Hidden Figures – Opening Sequence
We’d been waiting for Hidden Figures for a long time – and it did not disappoint. The story of three of the African-American mathematician women who played a key role in the development of NASA’s space program starred Taraji P. Henson, Octavia Spencer and Janelle Monae – working from a script by Allison Schroeder and director Theodore Melfi. It’s the narrative and directorial choice of opening sequence that creates this ‘Best Movie Moment,’ though.
The film starts with the three women – Katherine G. Johnson (Henson), Dorothy Vaughan (Spencer), and Mary Jackson (Monae) – on their way to work at NASA. The car they are sharing has broken down, though, and we meet them just as they’re debating their next course of action and working to fix the vehicle.

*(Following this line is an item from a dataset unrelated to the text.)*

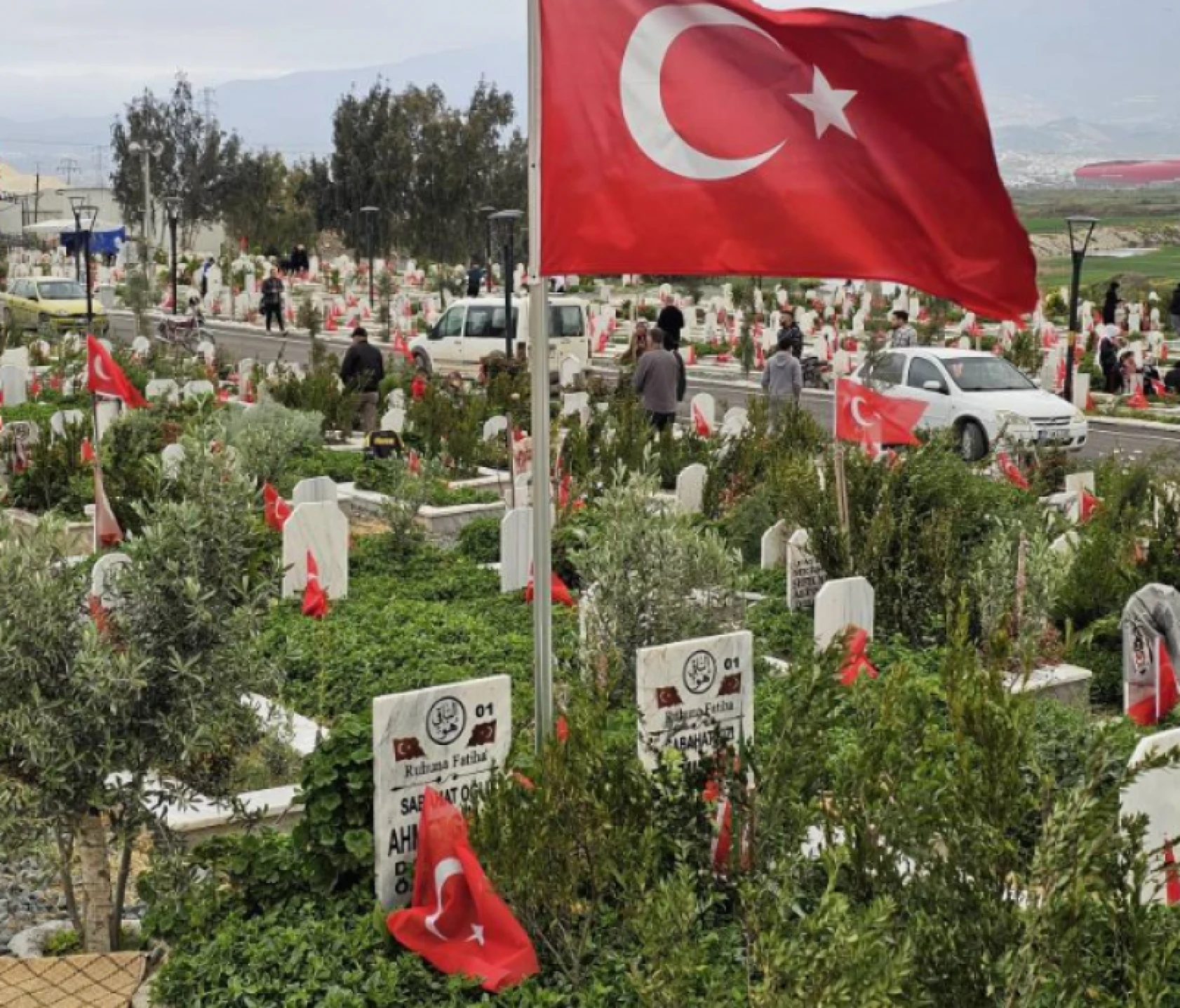 Hatay'daki mezarlıklarda golf araçları hizmet veriyor: O tarihe kadar geçerli!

Firstly, it’s the perfect way to introduce these characters, as they’re all vibrant, well-written women whose differences and similarities are effortlessly and elegantly teased out into the open through their dialogue. Secondly – in the most subtle of ways – the scene is constructed so that we suddenly realize that we’re seeing something rarely included in theatrically released movies – black women having a conversation with each other. By simply opening the film with a conversation in this way, Melfi demonstrates the absurdity of its scarcity elsewhere in the medium.
Thirdly, as the scene progresses, and a white police officer arrives to investigate the reason for them having stopped by the roadside, the distressing nature of the wider reality in which these women live is deftly revealed. This is accomplished by a tonal shift that ripples through the performance of each actress, the music, sound, camera-work, and dialogue in a matter of seconds – taking us from a group of characters comfortably chatting among themselves, to the same group experiencing a combination of fear and resentment at the behaviour of a white man.
The sequence culminates in the police officer having to be convinced by these three women that they do, in fact, work for NASA, because he initially refuses to believe it’s possible. We feel the tone shift once more as he concedes that the three mathematicians are telling the truth, and he begins to treat them differently – helping them get to work. The entire thing unfolds over mere minutes – but we’ve already been on an emotional rollercoaster ride that promises to drive us through the rest of the movie. This opening sequence is indeed a masterclass in cinematic storytelling.